▶ _Work instructions_
Pictures excluded, output the lines of the data below between the one holding "Indico - OG #18 - Mainely Dope - 1" and the one holding "An Autumn floral", inclusive, exactly as they stand.

▶ _Record extracts_
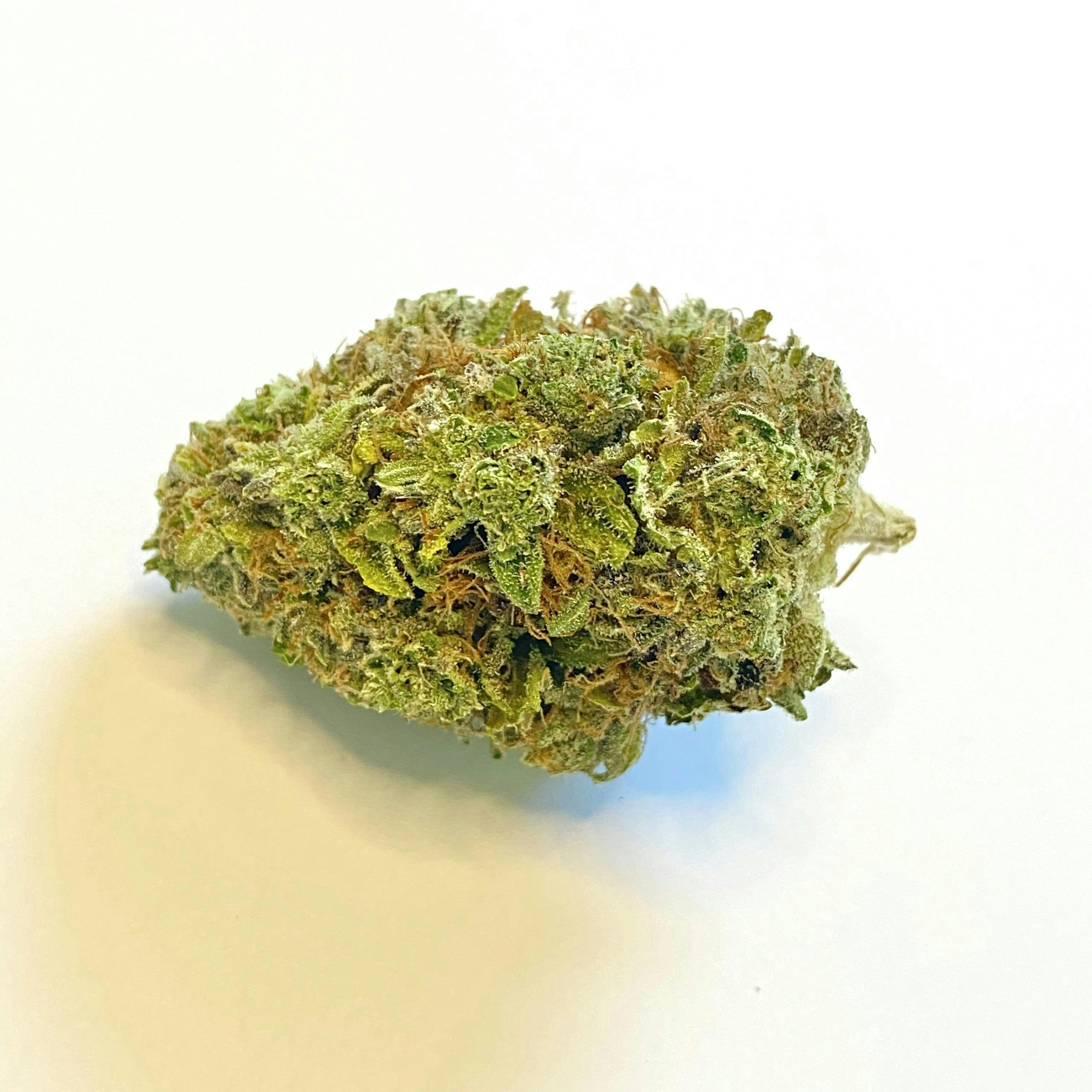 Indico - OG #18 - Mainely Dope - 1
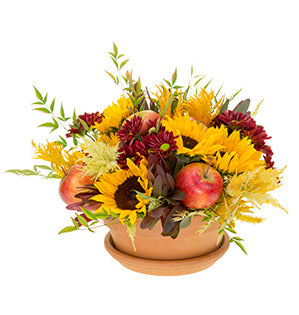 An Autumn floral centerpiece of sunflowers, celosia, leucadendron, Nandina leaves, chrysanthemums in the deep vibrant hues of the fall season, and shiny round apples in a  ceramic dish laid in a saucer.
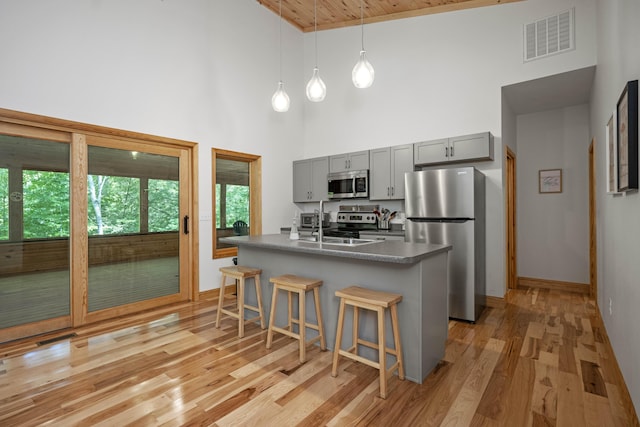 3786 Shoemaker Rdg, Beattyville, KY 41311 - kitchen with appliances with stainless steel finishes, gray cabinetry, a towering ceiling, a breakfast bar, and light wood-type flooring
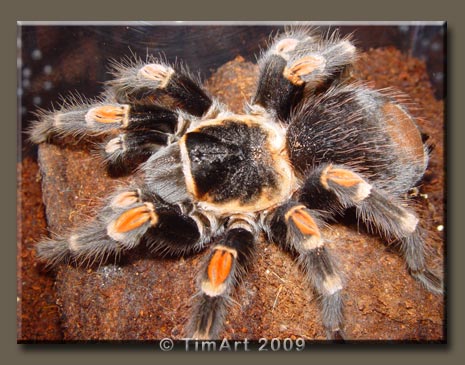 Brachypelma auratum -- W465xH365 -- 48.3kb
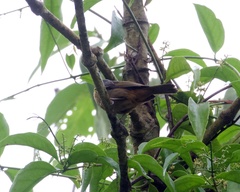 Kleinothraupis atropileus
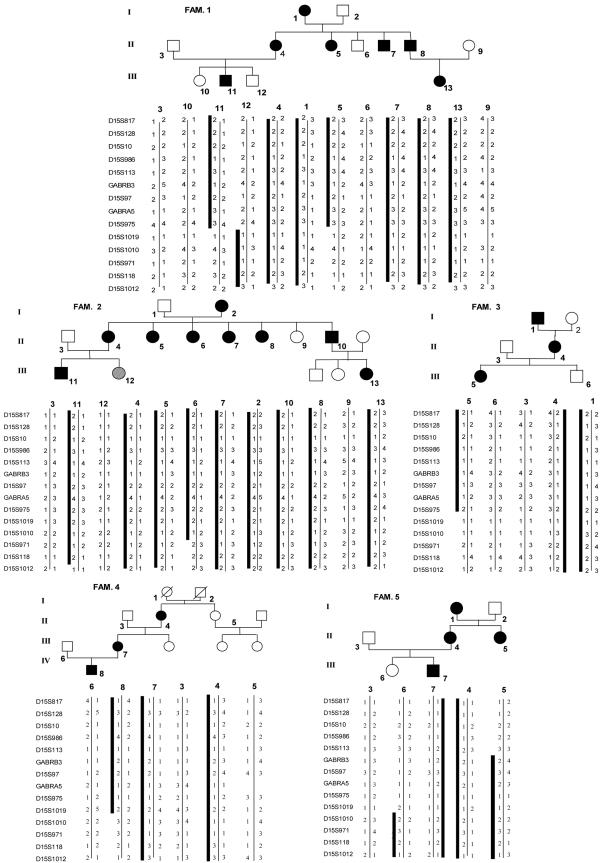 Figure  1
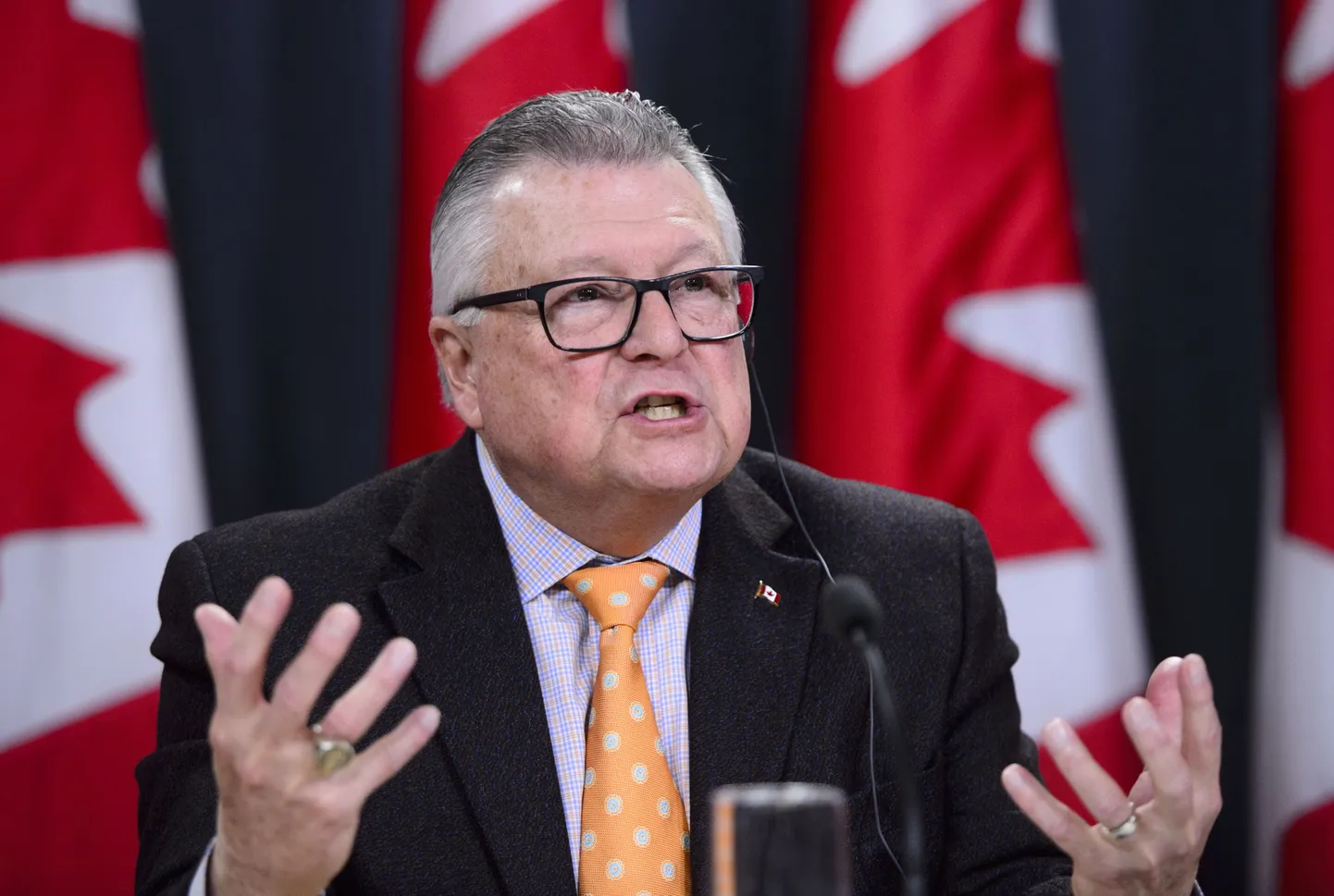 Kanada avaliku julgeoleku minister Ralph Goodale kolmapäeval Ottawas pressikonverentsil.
--
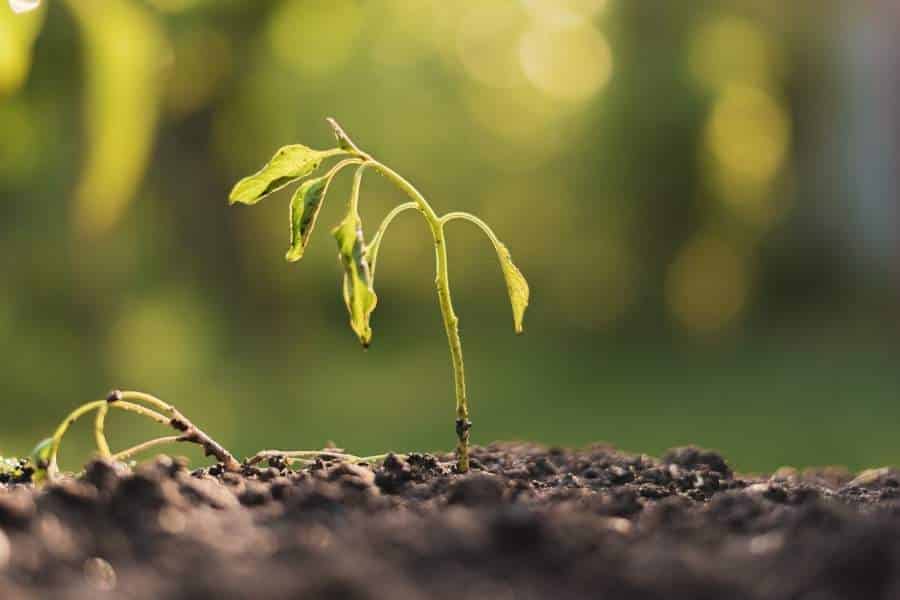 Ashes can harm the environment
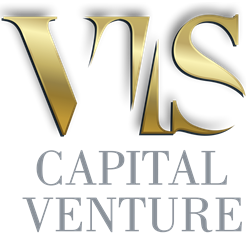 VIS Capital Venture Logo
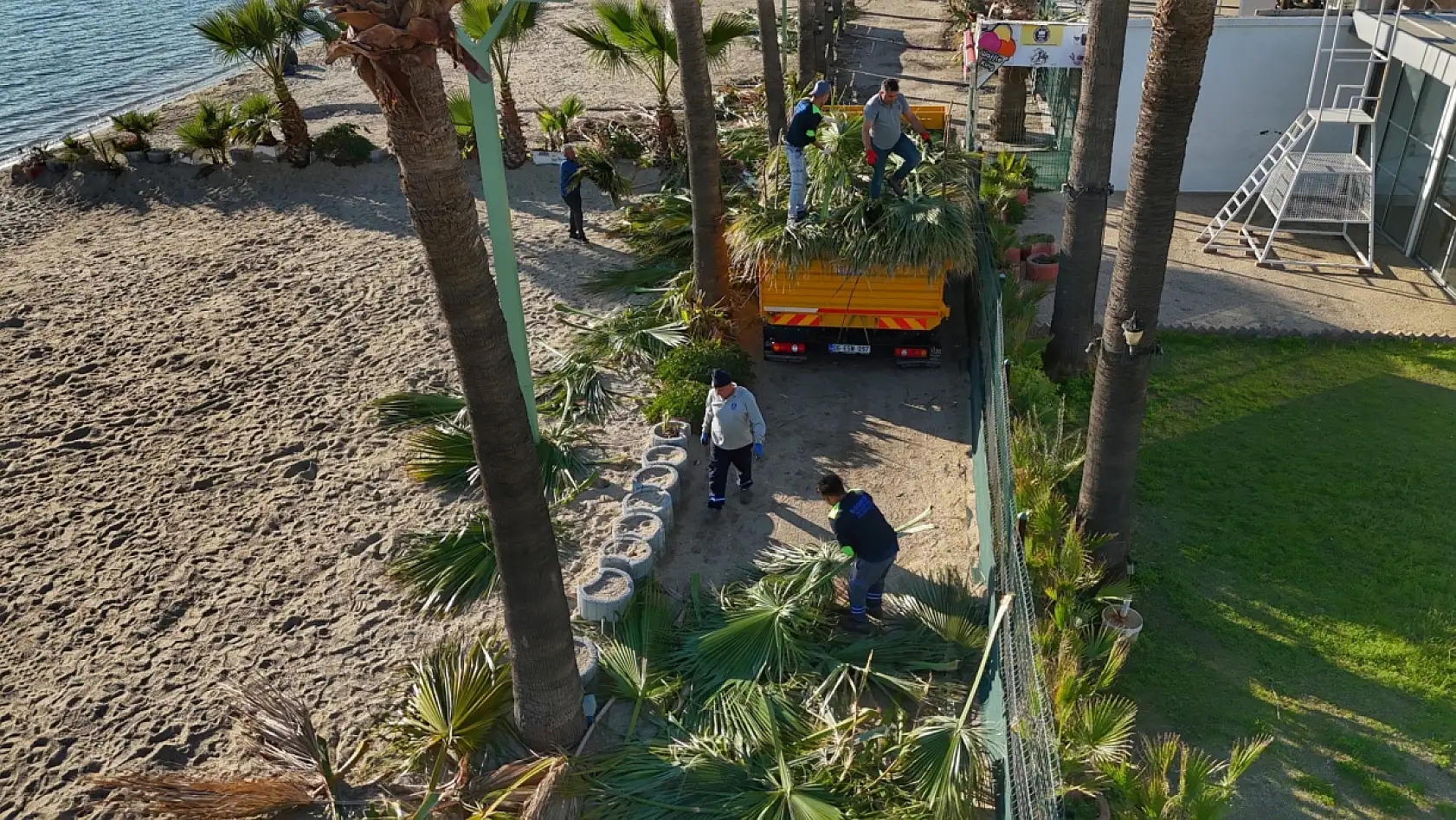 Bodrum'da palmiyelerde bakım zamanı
* * *
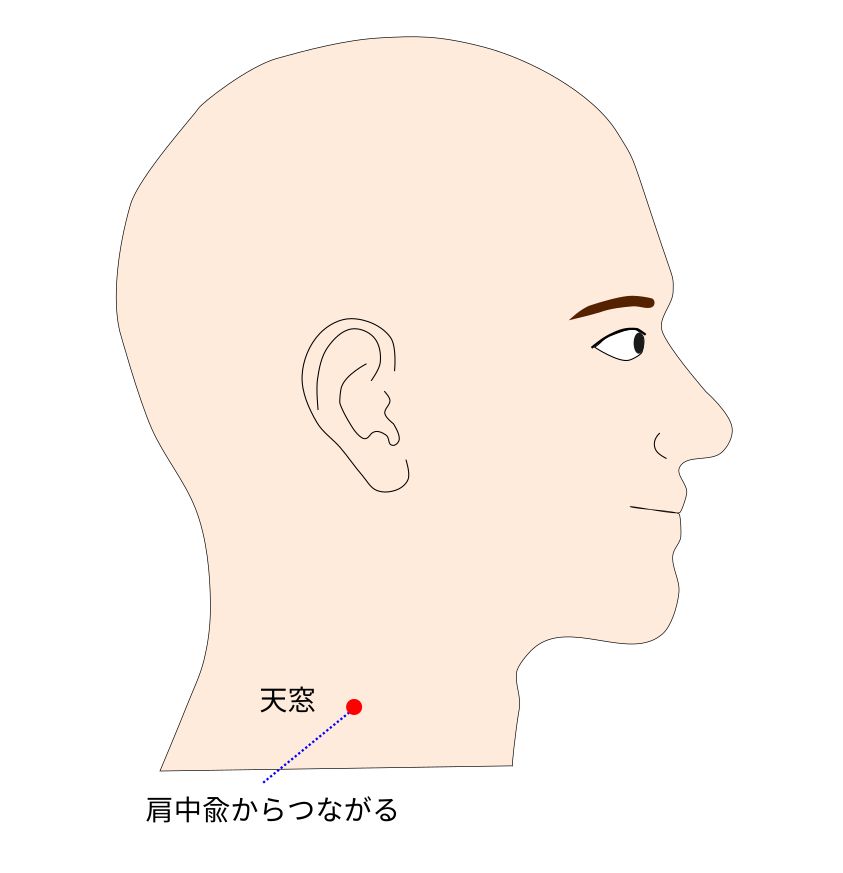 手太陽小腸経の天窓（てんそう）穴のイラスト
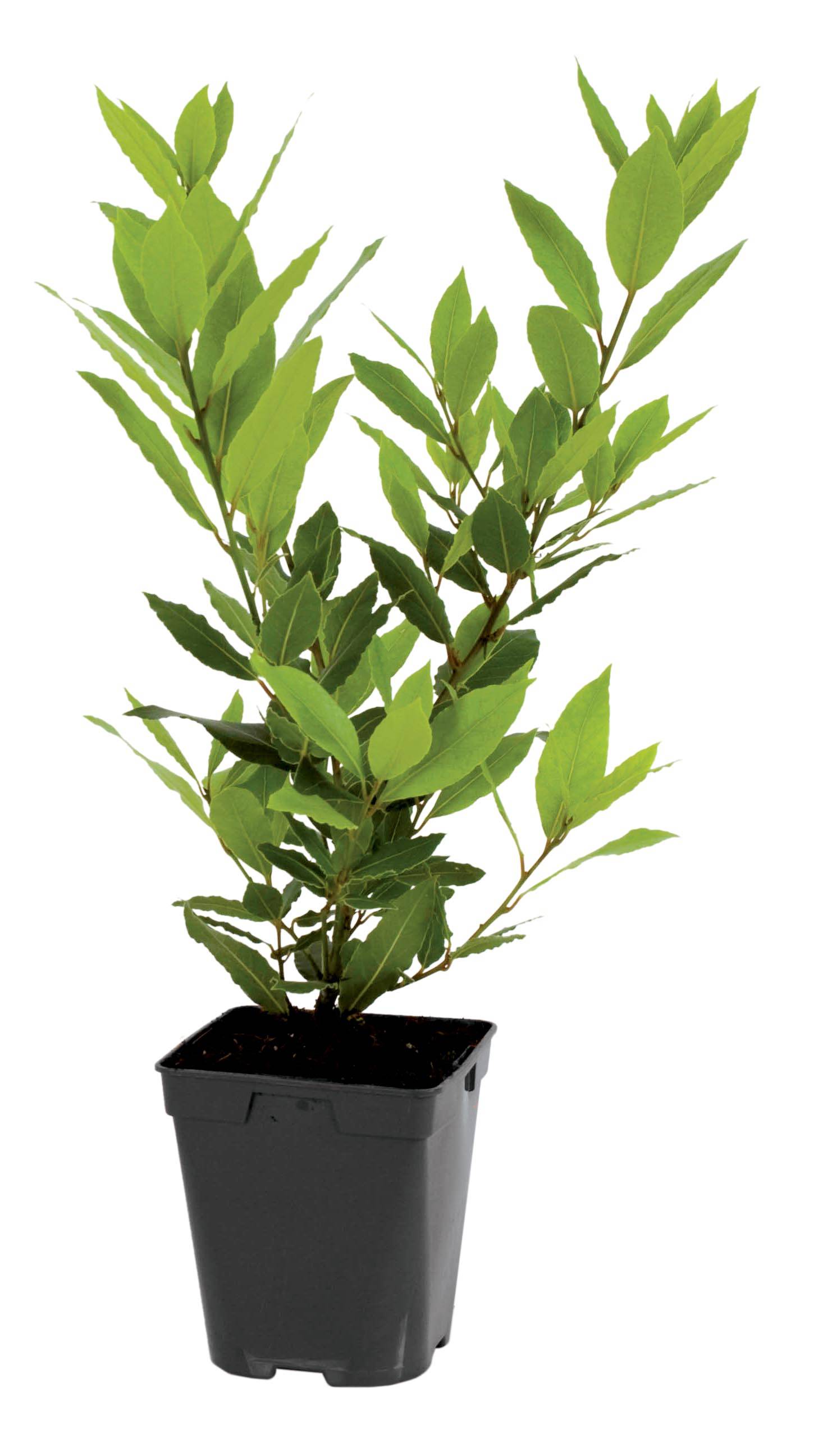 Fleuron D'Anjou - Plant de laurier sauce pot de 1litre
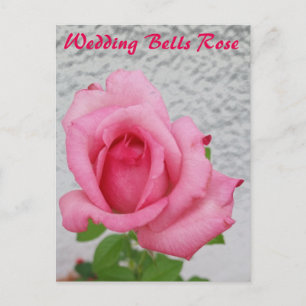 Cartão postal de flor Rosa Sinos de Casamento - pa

▶ _Written response_
 Indico - OG #18 - Mainely Dope - 1
 An Autumn floral centerpiece of sunflowers, celosia, leucadendron, Nandina leaves, chrysanthemums in the deep vibrant hues of the fall season, and shiny round apples in a  ceramic dish laid in a saucer.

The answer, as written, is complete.